Toen ik mijn puberteit doormaakte in Gent had iedereen de mond vol van Andy Warhol. Niet iedereen: niet mijn vader, niet de Moldavische stukadoor die dakloos was geworden na een onzalige belegging in hygiënische plinten, niet de racistische meester Willy, niet het zure kruidenierspaar van de Ottogracht, niet de psychotische Aboriginal die sliep in het voorportaal van het vivisectiecentrum en aan wie ik elke schooldag de inhoud van mijn brooddoos gaf… Nee, zeker niet iedereen.
Eigenlijk waren het vooral mijn moeder en mijn sombere mompelende stiefvader die dweepten met de pafferige fatterige zielloze sensationele popgoeroe Andy Warhol, en die constant over hem palaverden. Ze kochten zeefdrukken van hem: grote gele en paarse bloemen, dollarbiljetten en Marilyn Monroe. De zeefdrukken waren spotgoedkoop en ze werden op grote schaal gemaakt door de knechten van Andy Warhol. Dat is geen vuile roddel, dat gaf de corrupte klootzak zelf toe!

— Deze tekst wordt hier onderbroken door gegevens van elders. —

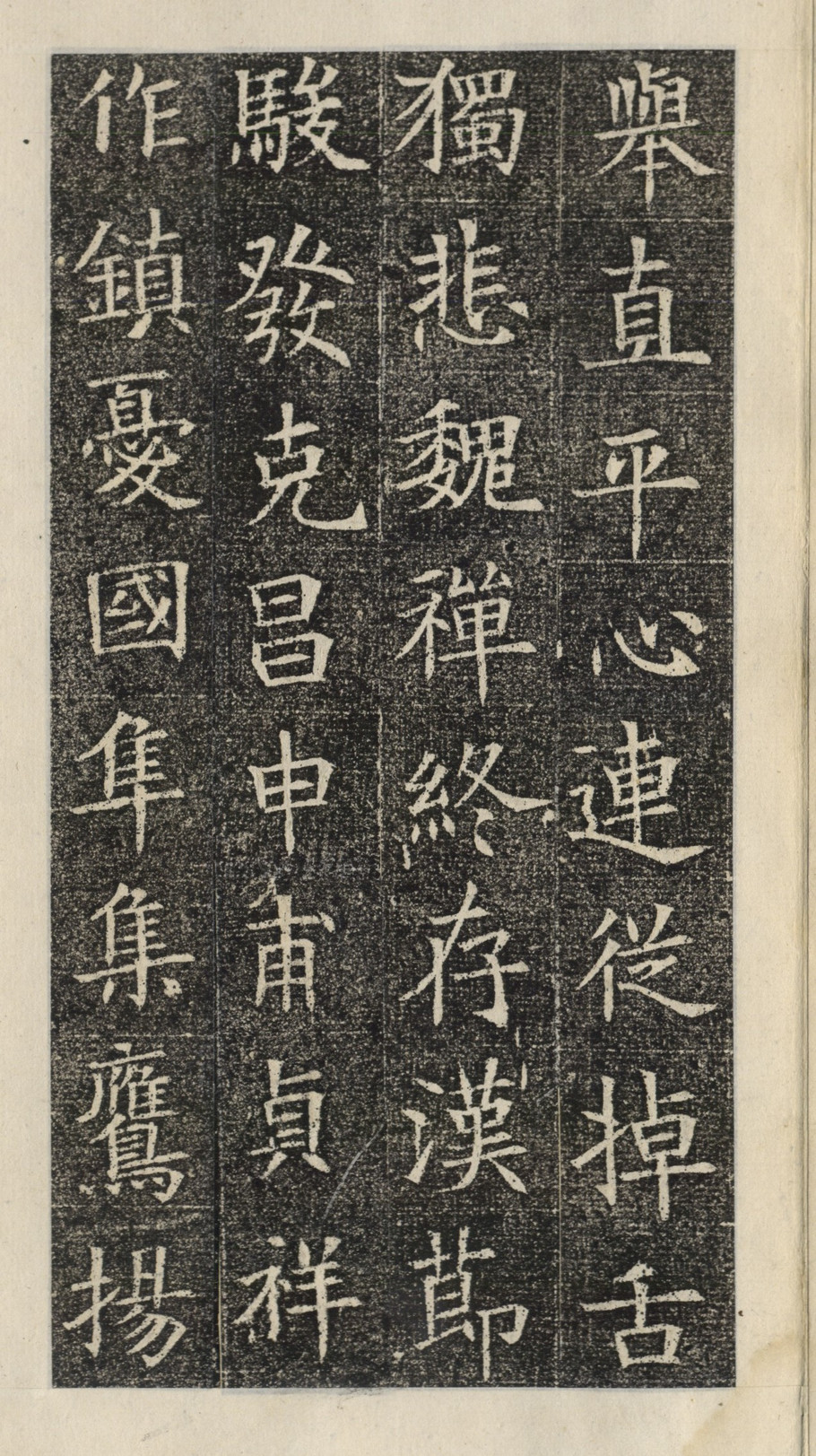 斋题跋》,罗振玉《雪堂金石文字跋尾》,吴鼎昌《慕汲轩志石文录续编》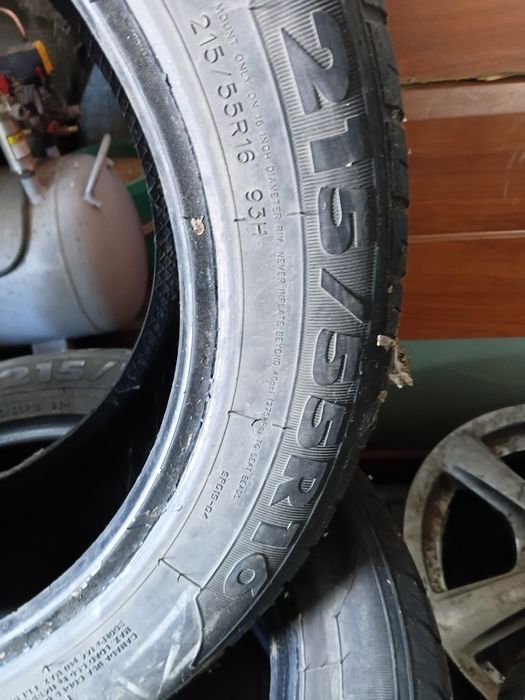 Шины летние. 3 штуки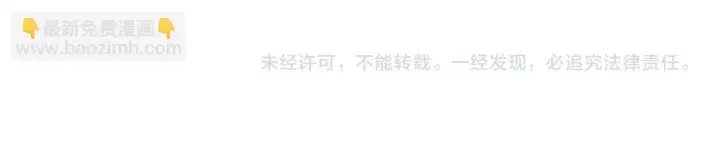 《名门挚爱》第421 她是你妹妹图102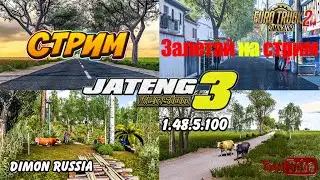 #stream 🔴 NEW JATENG V3 MAP REWORKED🚛#ets2news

Ik was een typische puber: puur, pedant, snobistisch, onbuigzaam, streng en rigide op moreel vlak. Het werk van Andy Warhol stootte me af omdat het op grote schaal werd gemaakt en omdat het werd gesmaakt door narcistische makelaars en verwaande blaaschirurgen. Door vulgaire parvenu’s en opzichtige jetsetters. De commerciële gewiekstheid, de mercantiele schaamteloosheid en de schreeuwerige branie schokten mijn tere verbiedende moralistische onvolwassen puberziel.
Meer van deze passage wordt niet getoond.